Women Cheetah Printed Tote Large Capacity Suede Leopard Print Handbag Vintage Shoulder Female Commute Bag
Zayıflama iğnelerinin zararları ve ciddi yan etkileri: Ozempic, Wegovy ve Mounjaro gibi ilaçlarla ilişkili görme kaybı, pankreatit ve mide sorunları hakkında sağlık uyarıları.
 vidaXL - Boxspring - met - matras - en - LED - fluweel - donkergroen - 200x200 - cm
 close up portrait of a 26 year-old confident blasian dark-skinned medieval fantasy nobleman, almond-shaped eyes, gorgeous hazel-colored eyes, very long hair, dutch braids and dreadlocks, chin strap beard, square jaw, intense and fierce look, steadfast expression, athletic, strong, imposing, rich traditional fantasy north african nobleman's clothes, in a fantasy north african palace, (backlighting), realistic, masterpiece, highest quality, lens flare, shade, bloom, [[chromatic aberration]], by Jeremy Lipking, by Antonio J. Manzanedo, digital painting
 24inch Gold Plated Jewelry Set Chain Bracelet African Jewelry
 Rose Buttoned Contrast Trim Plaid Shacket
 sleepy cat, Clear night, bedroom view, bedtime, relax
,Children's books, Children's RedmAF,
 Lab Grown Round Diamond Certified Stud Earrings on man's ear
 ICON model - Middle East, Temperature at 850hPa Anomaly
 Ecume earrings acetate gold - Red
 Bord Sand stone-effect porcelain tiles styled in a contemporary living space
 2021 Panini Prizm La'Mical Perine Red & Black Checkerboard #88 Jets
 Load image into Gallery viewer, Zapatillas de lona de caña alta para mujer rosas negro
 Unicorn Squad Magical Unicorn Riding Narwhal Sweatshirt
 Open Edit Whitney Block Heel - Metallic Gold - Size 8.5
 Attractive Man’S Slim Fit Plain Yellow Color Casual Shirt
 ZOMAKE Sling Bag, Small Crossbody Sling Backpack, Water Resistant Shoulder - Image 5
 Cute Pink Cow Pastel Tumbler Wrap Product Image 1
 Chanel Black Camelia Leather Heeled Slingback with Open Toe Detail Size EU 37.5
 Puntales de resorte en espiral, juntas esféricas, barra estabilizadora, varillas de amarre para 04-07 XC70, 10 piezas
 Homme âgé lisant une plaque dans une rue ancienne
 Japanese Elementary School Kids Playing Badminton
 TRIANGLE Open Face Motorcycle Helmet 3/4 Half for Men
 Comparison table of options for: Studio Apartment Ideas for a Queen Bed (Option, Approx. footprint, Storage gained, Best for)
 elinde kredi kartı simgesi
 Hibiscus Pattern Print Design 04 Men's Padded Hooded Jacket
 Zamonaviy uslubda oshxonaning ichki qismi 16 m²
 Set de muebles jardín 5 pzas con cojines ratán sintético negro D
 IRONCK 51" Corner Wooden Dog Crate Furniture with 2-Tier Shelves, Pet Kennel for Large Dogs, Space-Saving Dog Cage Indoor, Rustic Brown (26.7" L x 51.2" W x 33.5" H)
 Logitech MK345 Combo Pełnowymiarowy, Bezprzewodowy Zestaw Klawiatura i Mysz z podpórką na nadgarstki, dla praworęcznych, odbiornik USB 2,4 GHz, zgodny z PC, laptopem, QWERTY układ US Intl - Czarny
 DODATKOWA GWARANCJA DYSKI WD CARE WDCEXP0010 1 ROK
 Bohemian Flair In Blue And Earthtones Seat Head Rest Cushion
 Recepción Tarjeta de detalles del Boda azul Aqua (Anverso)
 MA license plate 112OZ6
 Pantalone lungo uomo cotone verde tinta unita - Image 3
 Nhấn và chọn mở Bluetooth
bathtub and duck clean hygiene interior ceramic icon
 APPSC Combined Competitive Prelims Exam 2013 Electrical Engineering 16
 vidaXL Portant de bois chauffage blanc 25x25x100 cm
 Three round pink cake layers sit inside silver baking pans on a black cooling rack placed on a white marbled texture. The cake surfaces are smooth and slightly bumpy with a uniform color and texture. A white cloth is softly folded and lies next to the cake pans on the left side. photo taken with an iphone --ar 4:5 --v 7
---*---
■ What to do ■
Report each line of the entries where the word "Shoulder" occurs.

■ Answer ■
Women Cheetah Printed Tote Large Capacity Suede Leopard Print Handbag Vintage Shoulder Female Commute Bag
 ZOMAKE Sling Bag, Small Crossbody Sling Backpack, Water Resistant Shoulder - Image 5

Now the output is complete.